Nusantarakini.com, Jakarta – Belakangan cukup beruntun juga orang-orang sinting memojokkan orang Islam melalui permainan berita. Belum selesai seruan agar menghormati yang tidak puasa, kemudian Ahok membuat pernyataan bertendensi kuat mendiskreditkan jilbab kaum muslimah.
Kemudian muncul lagi di TVRI dua perempuan berpakaian gambar salib pada acara tayangan sahur ramadlan. Namun yang paling mengundang perhatian yaitu kisah seorang ibu penjual warteg yang dirazia Satpol PP di Serang.
Razia semacam itu lumrah saja. Yang membuat tidak lumrah ialah dramatisasi oleh khususnya media Katolik Kompas. Media tersebut mengunci isunya bahwa ada yang salah dengan cara orang Muslim memperlakukan momen ramadlan. Pesan yang disampaikan dari dramatisasi itu ialah puasa orang Muslim di bulan ramadlan meminta korban, menderitanya seorang penjual makanan.
Tiba-tiba dikipasi pula oleh aliran simpati dari para pejabat termasuk Jokowi terhadap ibu tersebut.
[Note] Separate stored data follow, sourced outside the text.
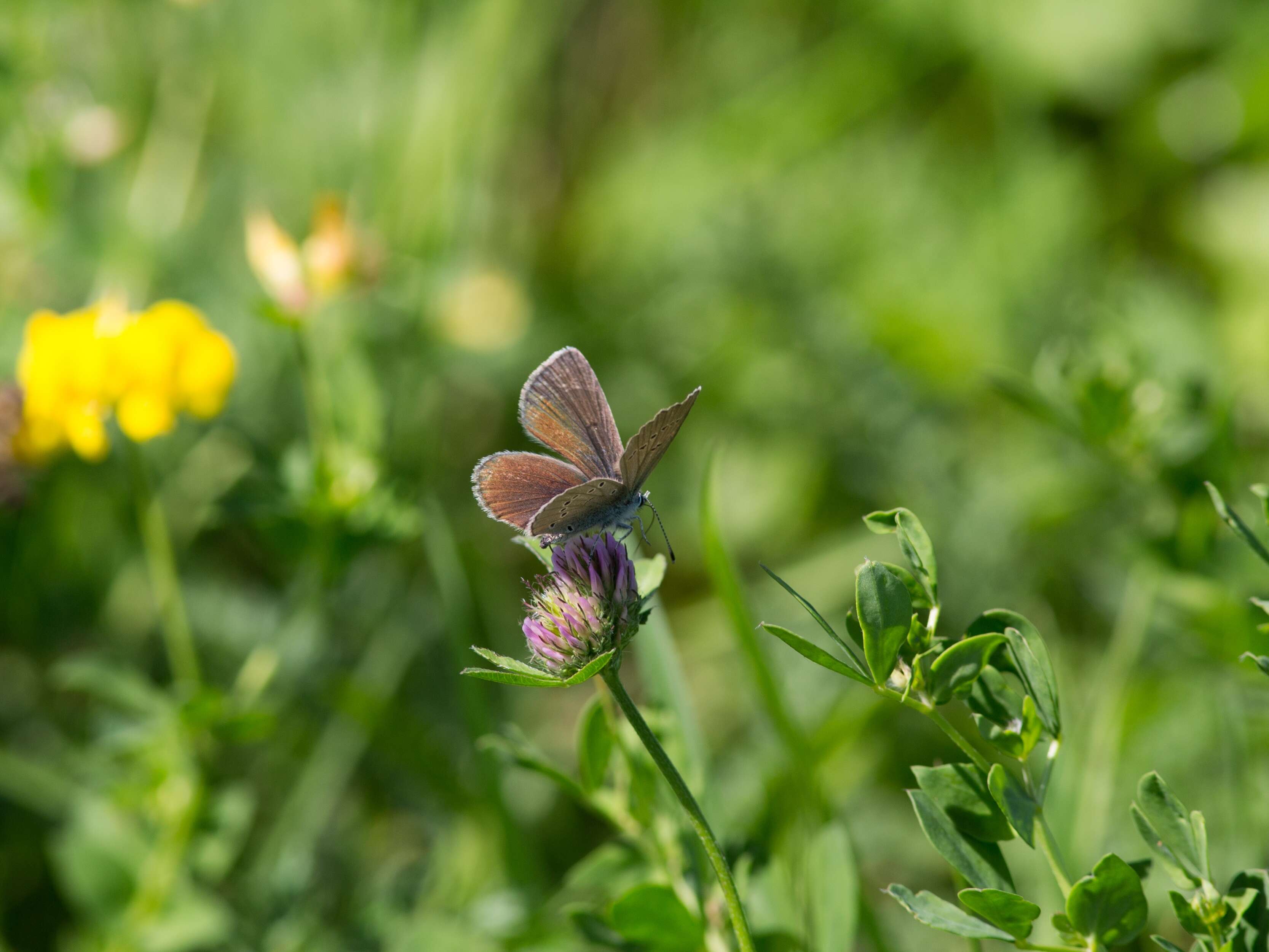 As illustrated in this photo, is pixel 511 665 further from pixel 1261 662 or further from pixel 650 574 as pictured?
pixel 1261 662

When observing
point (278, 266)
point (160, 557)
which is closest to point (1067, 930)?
point (160, 557)

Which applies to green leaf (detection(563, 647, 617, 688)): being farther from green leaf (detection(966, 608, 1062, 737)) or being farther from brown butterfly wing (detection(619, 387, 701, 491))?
green leaf (detection(966, 608, 1062, 737))

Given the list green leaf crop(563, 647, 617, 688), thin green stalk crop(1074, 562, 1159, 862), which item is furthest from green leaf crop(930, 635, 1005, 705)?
thin green stalk crop(1074, 562, 1159, 862)

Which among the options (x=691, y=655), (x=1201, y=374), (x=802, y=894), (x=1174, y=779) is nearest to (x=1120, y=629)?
(x=1174, y=779)

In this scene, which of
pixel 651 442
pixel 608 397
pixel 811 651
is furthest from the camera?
pixel 608 397

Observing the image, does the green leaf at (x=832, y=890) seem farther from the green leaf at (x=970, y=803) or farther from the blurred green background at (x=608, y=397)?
the green leaf at (x=970, y=803)

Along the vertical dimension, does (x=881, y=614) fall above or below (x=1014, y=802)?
above

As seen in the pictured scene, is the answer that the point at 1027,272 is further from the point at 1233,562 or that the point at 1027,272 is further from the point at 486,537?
the point at 486,537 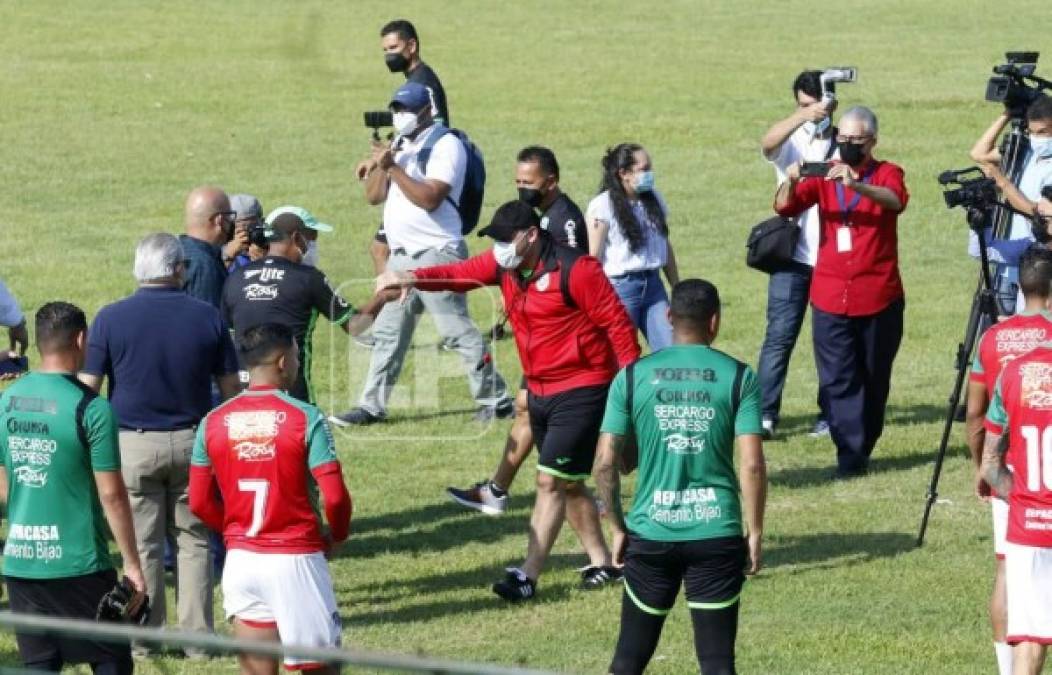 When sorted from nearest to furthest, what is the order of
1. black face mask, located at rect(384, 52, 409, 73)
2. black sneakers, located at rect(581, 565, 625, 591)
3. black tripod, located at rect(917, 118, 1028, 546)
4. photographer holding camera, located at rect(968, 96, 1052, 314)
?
black sneakers, located at rect(581, 565, 625, 591), black tripod, located at rect(917, 118, 1028, 546), photographer holding camera, located at rect(968, 96, 1052, 314), black face mask, located at rect(384, 52, 409, 73)

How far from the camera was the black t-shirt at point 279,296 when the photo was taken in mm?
10961

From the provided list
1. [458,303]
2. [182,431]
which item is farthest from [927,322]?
[182,431]

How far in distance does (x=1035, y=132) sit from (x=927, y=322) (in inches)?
240

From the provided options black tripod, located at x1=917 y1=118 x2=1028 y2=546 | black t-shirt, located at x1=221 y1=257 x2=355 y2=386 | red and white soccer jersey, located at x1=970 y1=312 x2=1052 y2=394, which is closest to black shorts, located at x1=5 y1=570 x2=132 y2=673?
black t-shirt, located at x1=221 y1=257 x2=355 y2=386

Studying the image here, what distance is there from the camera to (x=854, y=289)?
13.1 metres

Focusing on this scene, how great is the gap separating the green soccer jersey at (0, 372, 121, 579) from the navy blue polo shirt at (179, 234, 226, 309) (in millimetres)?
2932

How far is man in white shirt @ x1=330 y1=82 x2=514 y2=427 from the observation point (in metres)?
14.1

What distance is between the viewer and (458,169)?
14242 mm

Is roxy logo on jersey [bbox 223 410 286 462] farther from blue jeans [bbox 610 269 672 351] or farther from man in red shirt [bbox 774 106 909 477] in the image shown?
blue jeans [bbox 610 269 672 351]

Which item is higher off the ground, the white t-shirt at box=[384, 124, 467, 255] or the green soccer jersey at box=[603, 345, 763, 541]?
the white t-shirt at box=[384, 124, 467, 255]

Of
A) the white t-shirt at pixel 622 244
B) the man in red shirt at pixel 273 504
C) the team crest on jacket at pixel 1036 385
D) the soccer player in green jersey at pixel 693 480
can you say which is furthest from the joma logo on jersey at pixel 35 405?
the white t-shirt at pixel 622 244

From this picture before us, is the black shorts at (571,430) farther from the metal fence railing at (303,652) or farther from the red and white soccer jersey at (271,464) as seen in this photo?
the metal fence railing at (303,652)

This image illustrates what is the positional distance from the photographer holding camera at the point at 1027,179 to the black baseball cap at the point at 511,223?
3.27m

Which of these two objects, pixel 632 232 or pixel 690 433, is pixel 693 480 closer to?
pixel 690 433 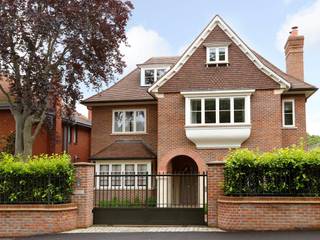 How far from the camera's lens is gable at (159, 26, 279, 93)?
79.7 ft

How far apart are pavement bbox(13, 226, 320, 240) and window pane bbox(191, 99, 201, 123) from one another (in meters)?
Answer: 9.82

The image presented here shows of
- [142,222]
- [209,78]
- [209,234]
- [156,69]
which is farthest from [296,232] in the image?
[156,69]

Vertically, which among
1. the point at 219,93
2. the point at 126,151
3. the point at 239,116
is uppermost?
the point at 219,93

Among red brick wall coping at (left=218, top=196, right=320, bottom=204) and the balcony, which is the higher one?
the balcony

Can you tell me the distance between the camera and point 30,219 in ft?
48.5

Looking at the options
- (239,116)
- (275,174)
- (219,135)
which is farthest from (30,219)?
(239,116)

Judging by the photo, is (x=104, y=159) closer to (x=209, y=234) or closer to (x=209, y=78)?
(x=209, y=78)

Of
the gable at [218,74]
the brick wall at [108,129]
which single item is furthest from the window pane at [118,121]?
the gable at [218,74]

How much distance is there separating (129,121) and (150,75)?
3372 millimetres

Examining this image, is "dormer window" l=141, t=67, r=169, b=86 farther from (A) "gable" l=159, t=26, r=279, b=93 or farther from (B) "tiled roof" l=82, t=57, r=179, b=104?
(A) "gable" l=159, t=26, r=279, b=93

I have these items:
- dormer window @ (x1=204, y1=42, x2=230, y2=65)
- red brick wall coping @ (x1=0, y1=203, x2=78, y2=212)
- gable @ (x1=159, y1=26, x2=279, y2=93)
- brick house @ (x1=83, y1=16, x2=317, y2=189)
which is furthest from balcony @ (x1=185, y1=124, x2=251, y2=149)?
red brick wall coping @ (x1=0, y1=203, x2=78, y2=212)

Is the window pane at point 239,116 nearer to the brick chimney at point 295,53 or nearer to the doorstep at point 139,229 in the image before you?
the brick chimney at point 295,53

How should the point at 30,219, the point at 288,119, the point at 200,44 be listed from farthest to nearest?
the point at 288,119, the point at 200,44, the point at 30,219

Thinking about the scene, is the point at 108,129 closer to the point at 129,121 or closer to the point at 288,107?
the point at 129,121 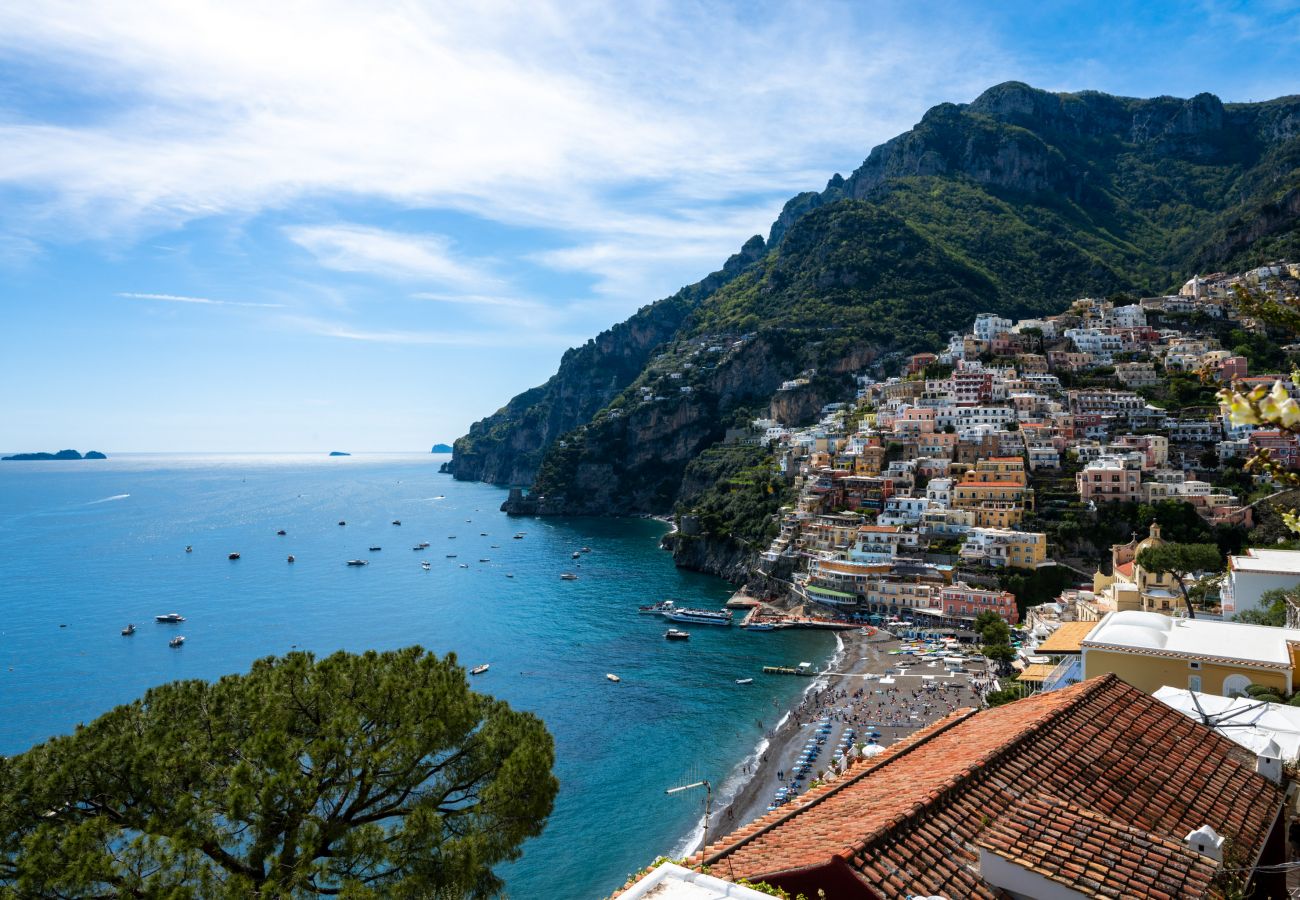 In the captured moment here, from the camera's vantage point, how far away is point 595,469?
125 metres

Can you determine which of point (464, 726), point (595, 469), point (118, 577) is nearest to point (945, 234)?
point (595, 469)

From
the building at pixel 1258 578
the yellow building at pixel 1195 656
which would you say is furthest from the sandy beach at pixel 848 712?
the yellow building at pixel 1195 656

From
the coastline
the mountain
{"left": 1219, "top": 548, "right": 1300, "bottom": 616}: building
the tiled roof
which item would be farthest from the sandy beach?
the mountain

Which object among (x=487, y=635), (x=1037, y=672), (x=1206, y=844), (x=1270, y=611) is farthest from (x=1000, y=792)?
(x=487, y=635)

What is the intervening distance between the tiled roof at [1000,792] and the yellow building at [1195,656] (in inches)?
186

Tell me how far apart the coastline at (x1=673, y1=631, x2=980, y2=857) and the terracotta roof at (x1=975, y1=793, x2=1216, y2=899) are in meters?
19.9

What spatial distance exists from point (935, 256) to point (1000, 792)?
129196 millimetres

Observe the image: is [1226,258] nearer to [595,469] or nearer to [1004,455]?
[1004,455]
Sehingga lengkaplah cap bahwa ramadlan membawa derita bagi si ibu tersebut yang digambarkan sebagai rakyat kecil.
Sebenarnya ini hanya konstruksi yang dibangun oleh media Katolik seperti Kompas. Jelas sasarannya menyudutkan orang muslim yang berpuasa. Padahal si ibu itu salah, berjualan tanpa rasa toleransi di siang hari ramadlan. Satpol PP sudah benar menertibkan ibu penjual nasi tersebut. Yang salah adalah media yang mengkonstruk peristiwa itu menjadi panah beracun bagi orang-orang muslim. Banyak sekali penertiban oleh Satpol PP yang jauh lebih keras ketimbang yang menimpa si ibu itu. Boleh jadi pihak yang mengkonstruk berita itu bermaksud mengundang orang-orang Muslim yang disudutkan agar menyelesaikan perkara yang mereka ciptakan itu dengan cara yang bikin kapok mereka selamanya.
Tapi terlepas dari itu, orang Islam sekarang yang suka sensitif dan impulsif mesti bercermin kepada Haji Agus Salim (1884-1954), pendiri Republik ini sekaligus konseptor Pembukaan UUD 1945 dalam hal bagaimana mematahkan percobaan pendiskreditan.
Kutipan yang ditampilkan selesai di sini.